Task input:
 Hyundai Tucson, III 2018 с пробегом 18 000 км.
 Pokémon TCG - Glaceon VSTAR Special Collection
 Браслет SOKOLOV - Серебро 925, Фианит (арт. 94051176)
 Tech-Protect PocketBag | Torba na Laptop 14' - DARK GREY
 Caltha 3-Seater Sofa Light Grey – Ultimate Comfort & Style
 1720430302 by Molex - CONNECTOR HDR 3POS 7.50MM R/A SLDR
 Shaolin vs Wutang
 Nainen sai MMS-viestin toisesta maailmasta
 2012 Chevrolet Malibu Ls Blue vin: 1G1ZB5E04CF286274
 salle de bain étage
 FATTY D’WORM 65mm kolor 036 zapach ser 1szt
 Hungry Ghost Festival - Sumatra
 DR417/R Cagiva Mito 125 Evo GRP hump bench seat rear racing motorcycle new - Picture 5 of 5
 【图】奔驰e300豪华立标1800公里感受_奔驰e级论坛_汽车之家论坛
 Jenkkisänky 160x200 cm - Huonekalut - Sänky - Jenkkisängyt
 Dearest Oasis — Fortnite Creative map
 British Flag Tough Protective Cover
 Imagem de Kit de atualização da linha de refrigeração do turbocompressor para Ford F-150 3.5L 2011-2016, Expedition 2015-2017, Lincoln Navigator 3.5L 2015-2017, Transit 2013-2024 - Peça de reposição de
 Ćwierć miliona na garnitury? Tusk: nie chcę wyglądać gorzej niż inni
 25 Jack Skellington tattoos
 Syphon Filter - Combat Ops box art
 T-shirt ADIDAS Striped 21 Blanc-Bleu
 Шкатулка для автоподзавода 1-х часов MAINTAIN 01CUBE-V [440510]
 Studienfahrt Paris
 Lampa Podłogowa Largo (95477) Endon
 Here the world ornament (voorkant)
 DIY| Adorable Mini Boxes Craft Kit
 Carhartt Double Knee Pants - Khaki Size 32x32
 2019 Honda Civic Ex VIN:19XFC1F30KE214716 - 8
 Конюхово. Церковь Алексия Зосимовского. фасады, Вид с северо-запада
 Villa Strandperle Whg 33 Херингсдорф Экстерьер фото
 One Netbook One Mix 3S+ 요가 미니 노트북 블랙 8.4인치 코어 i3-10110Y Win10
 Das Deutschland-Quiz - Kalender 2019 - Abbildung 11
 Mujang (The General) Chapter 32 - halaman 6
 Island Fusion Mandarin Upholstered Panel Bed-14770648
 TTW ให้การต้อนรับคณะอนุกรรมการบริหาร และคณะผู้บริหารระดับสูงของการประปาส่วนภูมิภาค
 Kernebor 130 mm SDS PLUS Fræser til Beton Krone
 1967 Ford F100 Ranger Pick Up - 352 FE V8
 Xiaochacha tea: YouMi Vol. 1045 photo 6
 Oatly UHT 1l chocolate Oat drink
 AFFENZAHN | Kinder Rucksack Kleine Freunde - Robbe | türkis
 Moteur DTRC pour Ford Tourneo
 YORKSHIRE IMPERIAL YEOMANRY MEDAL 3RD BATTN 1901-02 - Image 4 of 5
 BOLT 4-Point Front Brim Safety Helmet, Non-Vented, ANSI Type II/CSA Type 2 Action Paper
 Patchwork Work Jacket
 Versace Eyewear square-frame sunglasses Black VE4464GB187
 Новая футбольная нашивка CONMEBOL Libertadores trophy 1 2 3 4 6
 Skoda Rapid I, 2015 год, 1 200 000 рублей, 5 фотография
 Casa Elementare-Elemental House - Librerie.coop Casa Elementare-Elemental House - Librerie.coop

Exercise aim: Go through the records and pull out each line that includes the word "Ford".

Reply:
 Imagem de Kit de atualização da linha de refrigeração do turbocompressor para Ford F-150 3.5L 2011-2016, Expedition 2015-2017, Lincoln Navigator 3.5L 2015-2017, Transit 2013-2024 - Peça de reposição de
 1967 Ford F100 Ranger Pick Up - 352 FE V8
 Moteur DTRC pour Ford Tourneo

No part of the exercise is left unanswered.